Located along Neil Road, iKO is welcomed by new chef-owner Dylan Ong, the founder behind The Masses, a popular and well-known Franco-Asian restaurant. With his outstanding wealth of experience and cooking skills, iKO has new menu additions that can only be defined as Modern-Japanese Bistronomy.
While Chef Dylan might be more familiar with French cooking, he created the new dishes at iKO based on his foundation in French cuisine, together with his love for Japan and its produce. He also tried to be more experimental and adventurous when curating the menu for iKO.
Menu at iKO
The menu at iKO is split into various sections, such as Snacks, Raw, To Start, and Mains.

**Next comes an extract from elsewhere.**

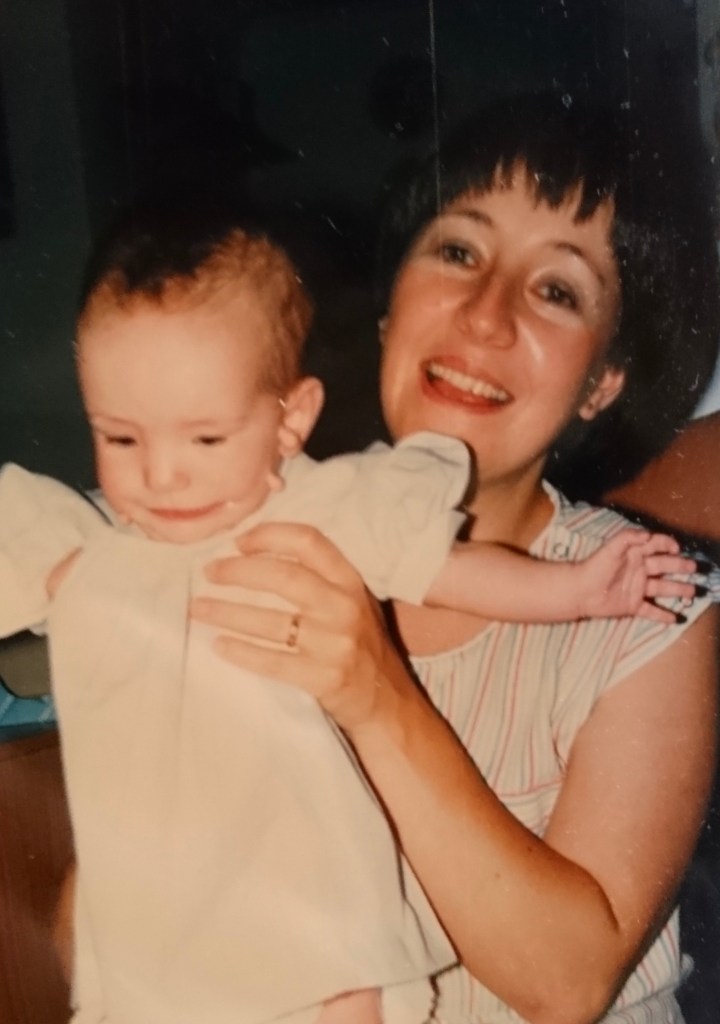 Baby Hannah with visible skin tags being held by her mother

We started off with some bar snacks such as iKO-Bee ($15) which is a fun bag of homemade, hand-sliced potato chips seasoned with sour cream and bottarga powders. Beware, this is highly addictive!
For snacks, the names Negitoro Ice Cream ($18) and Salmon Ice Cream ($18) attracted our attention even before they were served. The former being an adorable seaweed cone filled with minced raw tuna, cured egg yolk, and green onion bud, while the latter was filled with minced raw and smoked salmon, crème fraiche and ikura. While we are huge toro fans, the salmon version was our personal favourite.

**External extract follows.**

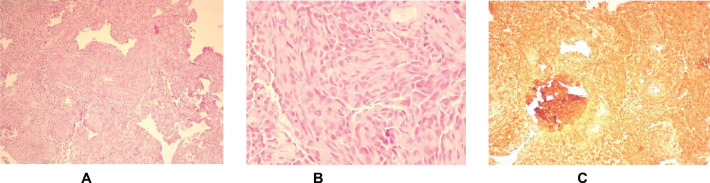 Diffuse alveolar hemorrhage as a clinical manifestation of cardiac angiosarcoma in a pregnant woman with antiphospholipid syndrome: case report and review of the literature.
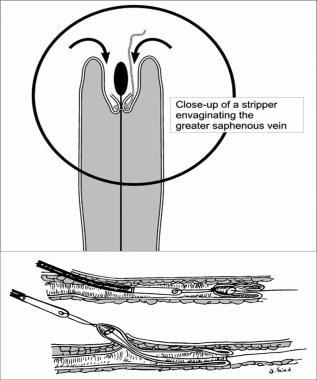 Treatments for varicose veins (IV): classic surgery / stripping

There was also the Lil Basket ($20), which were beetroot baskets stuffed with Hokkaido snow crab, spicy avocado mousse, and lime gel. Almost like a modern Jap version of our local kueh pie tee!
Moving on to the Starters, the Hay Smoked Hamachi ($24) impressed with its ponzu brown butter paired with slices of Hamachi, scallion garlic oil, compressed green grapes, and trio sesame.
The Dope You Up Bowl ($42) featured a velvety later of ume shiso rice topped with A4 wagyu buri, Bafun uni, ikura, lightly cured egg yolk, and wagyu fat emulsion which resulted in a burst of umami flavours. On the other hand, the A4 Wagyu “Sukiyaki” ($28) had tender, melt-in-your-mouth beef slices served with glistening egg yolk, shiitake mushrooms, leeks, scallions, and perilla brought together by a delicious white sukiyaki sauce.
Presented beautifully was That High Sess Somen ($38), a cold appetizing dish consisting of chutoro, Hokkaido snow crab, Bafun uni, and Kavian caviar. You can expect a creamy mix of textures with perfectly cooked noodles that are coated with goodness from the sea.
The 8 Hours Braised Abalone ($28) is also another noteworthy dish over at iKO. We loved the bed of pearl barley cooked in abalone liver sauce, which we can see being absolutely delicious in pasta. The dish came with braised mushrooms, elephant stem, and asparagus.
For mains, we had the Hay Smoked Guinea Fowl ($32) which featured a medley of 15 seasonal Japanese vegetables. The fowl itself was tender and paired well with the homemade sake ume sauce.
There was also the Miso Black Cod ($36) which uses a plump black cod marinated in miso for three days, served together with creamy pumpkin puree, Manila clams, and grilled firefly squid, thinly sliced carrots, pickled daikon, and juicy roasted nectarines.
We ended off the meal with the Yuzu Semi Freddo ($15), a sweet treat composed of firm and soft zesty yuzu curds, Hokkaido milk ice cream, fluffy mint sponge completed with a miso-caramel drizzle, and honeycomb. If not, you can opt for the Cream Cheese Panna Cotta ($14) which is grape heavy dessert, consisting of panna cotta and cream cheese.
Drinks Available at iKO
The modern Japanese restaurant is also offering a range of refreshing sakes, such as the Mizubasho Junmai Ginjo which has a refreshing, sweet, and gentle finish. The Mutsu Hassen Summer Sake, which has notes of watermelon, and the Miyankanbai Sparkling yuzu which uses organic yuzu from the Kochi Prefecture.
From August, they will also host Highball Night every Monday – free flow House Pour Whisky Highball at $10, BYOB every Tuesday; and Ladies’ Night every Wednesday, where every female diner will receive a free glass of prosecco.